_WHAT YOU NEED TO DO_
The expected result is an exact restatement of the data, free of pictures.

_PROVIDED MATERIAL_

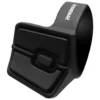 Shimano STePS Di2 SW-E6010 Switch - Left - Black -Aanbiedingen Rijwiel Delen Winkel 253252 00 d 497851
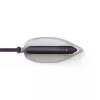 Garų generatoriaus lygintuvas Philips PerfectCare 8000 serija PSG8050/30 — 2700 W, 1,8 L bakas, 8 bar, 170 g/min nuolatinis garas
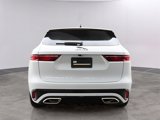 New 2025 Jaguar F-PACE R-Dynamic S image 6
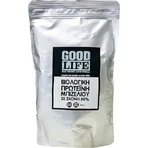Vio Agros Good Life Органический гороховый протеин без лактозы Протеин 500 гр.: цены и характеристики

_YOUR RESPONSE_
 Shimano STePS Di2 SW-E6010 Switch - Left - Black -Aanbiedingen Rijwiel Delen Winkel 253252 00 d 497851
 Garų generatoriaus lygintuvas Philips PerfectCare 8000 serija PSG8050/30 — 2700 W, 1,8 L bakas, 8 bar, 170 g/min nuolatinis garas
 New 2025 Jaguar F-PACE R-Dynamic S image 6
Vio Agros Good Life Органический гороховый протеин без лактозы Протеин 500 гр.: цены и характеристики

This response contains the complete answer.